Stored items from a collection:
------------
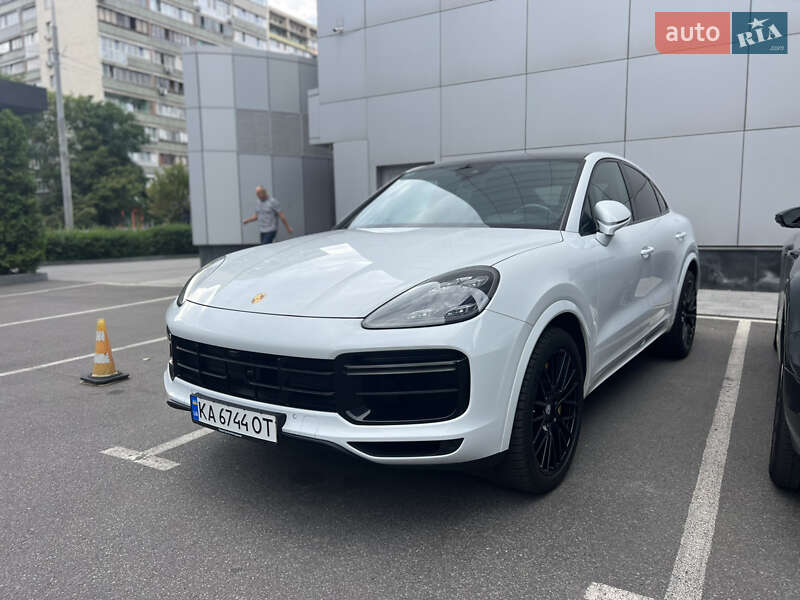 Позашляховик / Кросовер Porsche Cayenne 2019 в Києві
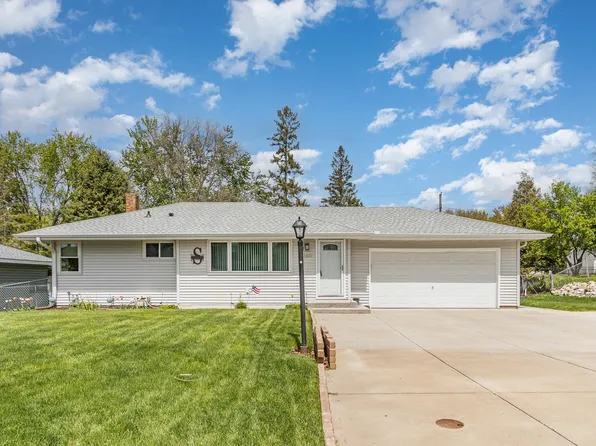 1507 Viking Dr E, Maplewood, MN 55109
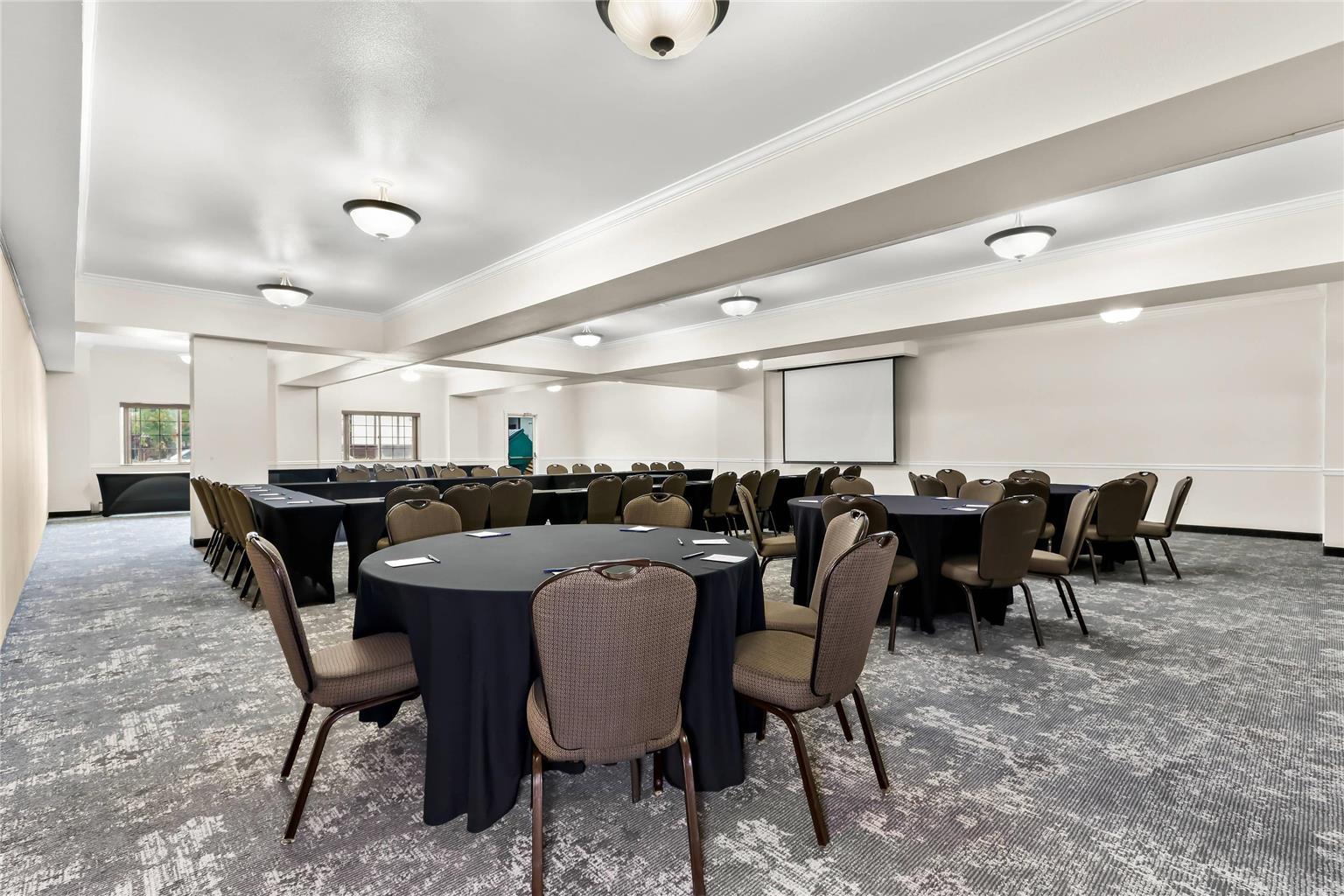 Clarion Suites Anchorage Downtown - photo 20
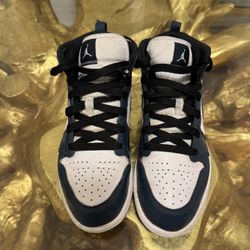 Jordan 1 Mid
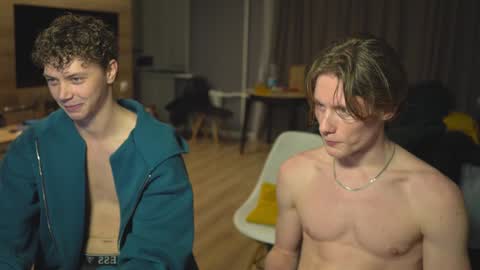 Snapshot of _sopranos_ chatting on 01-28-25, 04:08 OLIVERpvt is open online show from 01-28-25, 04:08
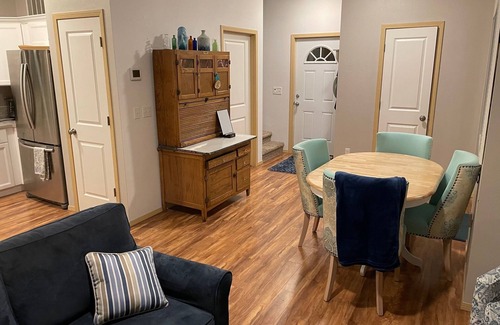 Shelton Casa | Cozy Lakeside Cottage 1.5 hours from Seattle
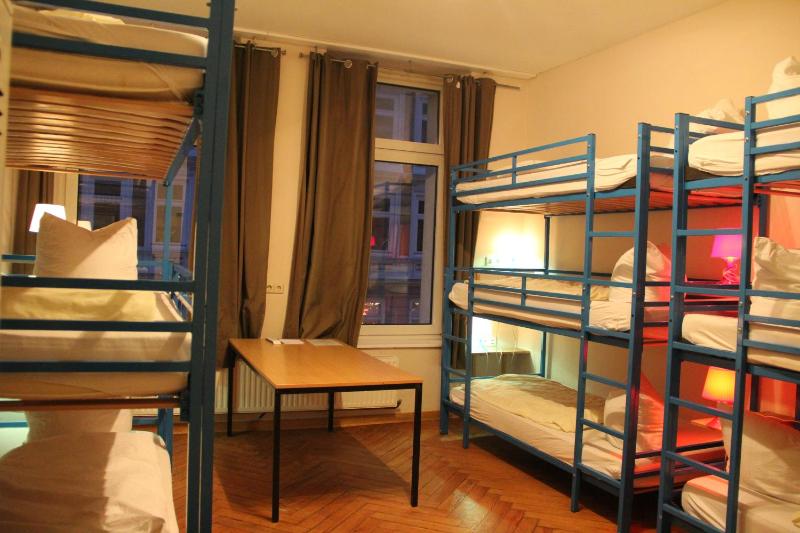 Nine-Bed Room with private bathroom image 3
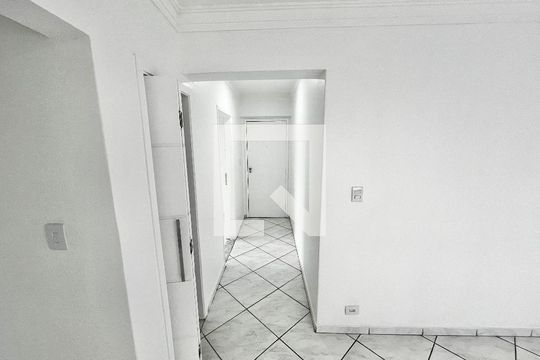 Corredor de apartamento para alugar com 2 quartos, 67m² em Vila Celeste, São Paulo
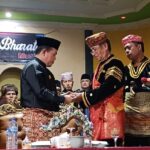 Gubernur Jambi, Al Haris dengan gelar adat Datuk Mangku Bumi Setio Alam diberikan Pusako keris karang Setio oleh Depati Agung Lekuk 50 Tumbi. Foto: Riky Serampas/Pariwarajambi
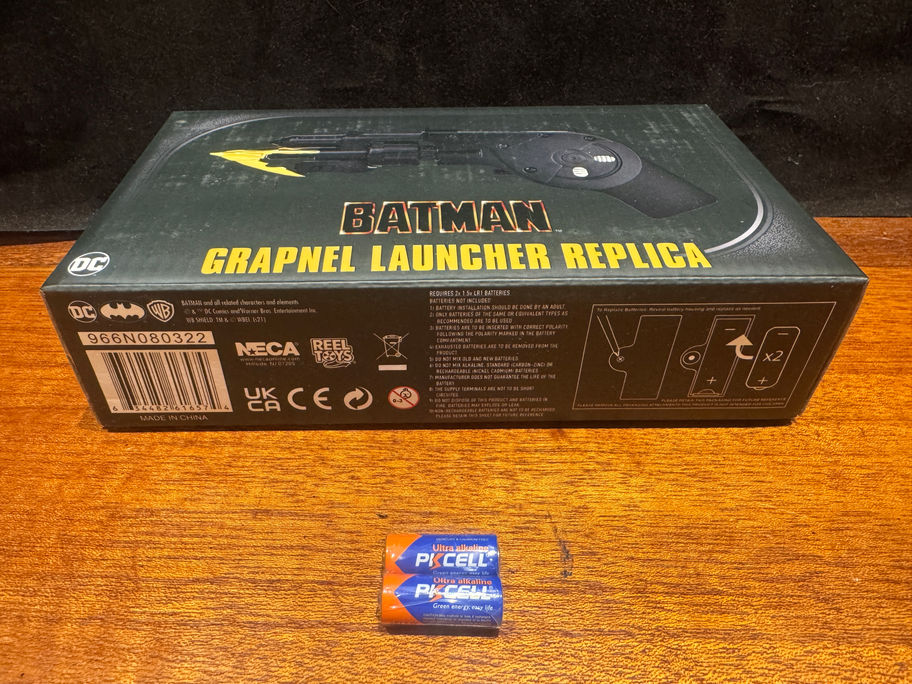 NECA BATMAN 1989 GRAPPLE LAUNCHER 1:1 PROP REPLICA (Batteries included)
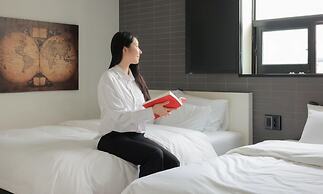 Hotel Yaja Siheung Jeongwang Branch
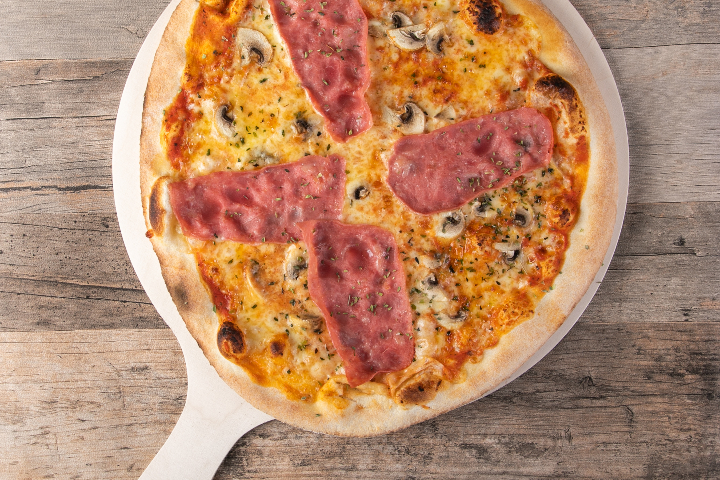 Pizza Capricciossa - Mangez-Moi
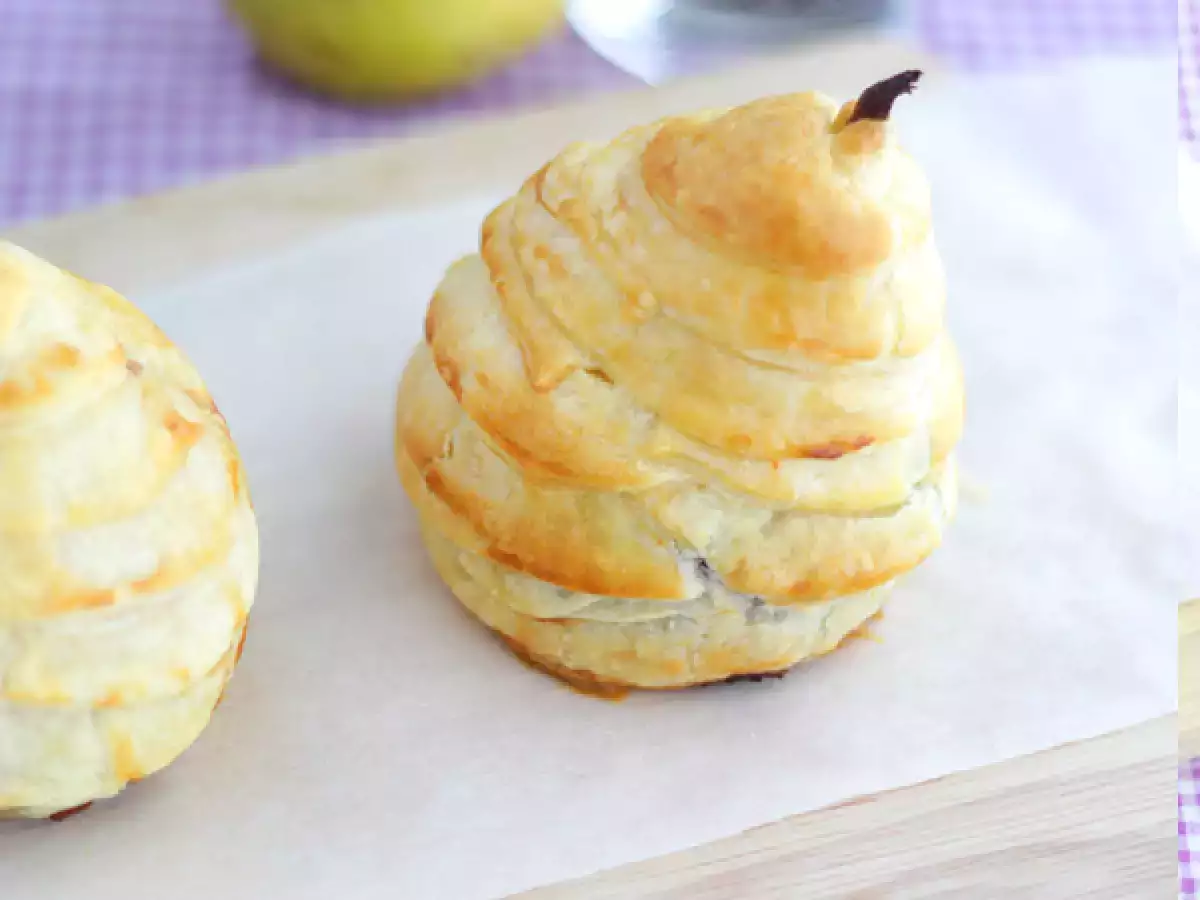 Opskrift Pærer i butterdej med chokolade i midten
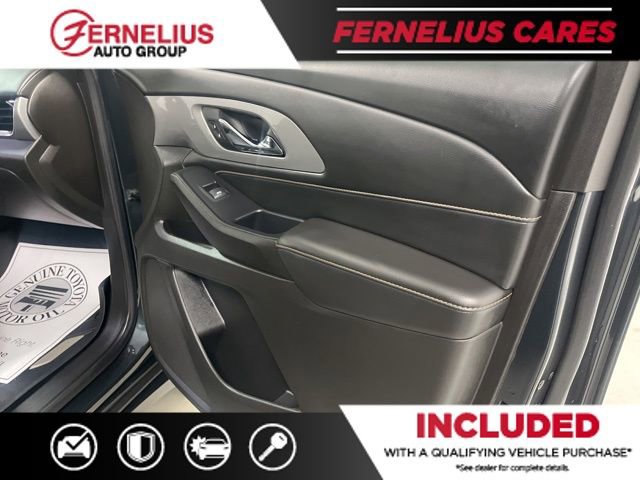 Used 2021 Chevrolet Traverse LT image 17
------------
▶ [Task instructions] Only the lines from the line that contains "Shelton Casa |" through the end of the entries are to be written out, exactly and without pictures, both ends included.

▶ [Exercise result]
 Shelton Casa | Cozy Lakeside Cottage 1.5 hours from Seattle
 Nine-Bed Room with private bathroom image 3
 Corredor de apartamento para alugar com 2 quartos, 67m² em Vila Celeste, São Paulo
 Gubernur Jambi, Al Haris dengan gelar adat Datuk Mangku Bumi Setio Alam diberikan Pusako keris karang Setio oleh Depati Agung Lekuk 50 Tumbi. Foto: Riky Serampas/Pariwarajambi
 NECA BATMAN 1989 GRAPPLE LAUNCHER 1:1 PROP REPLICA (Batteries included)
 Hotel Yaja Siheung Jeongwang Branch
 Pizza Capricciossa - Mangez-Moi
 Opskrift Pærer i butterdej med chokolade i midten
 Used 2021 Chevrolet Traverse LT image 17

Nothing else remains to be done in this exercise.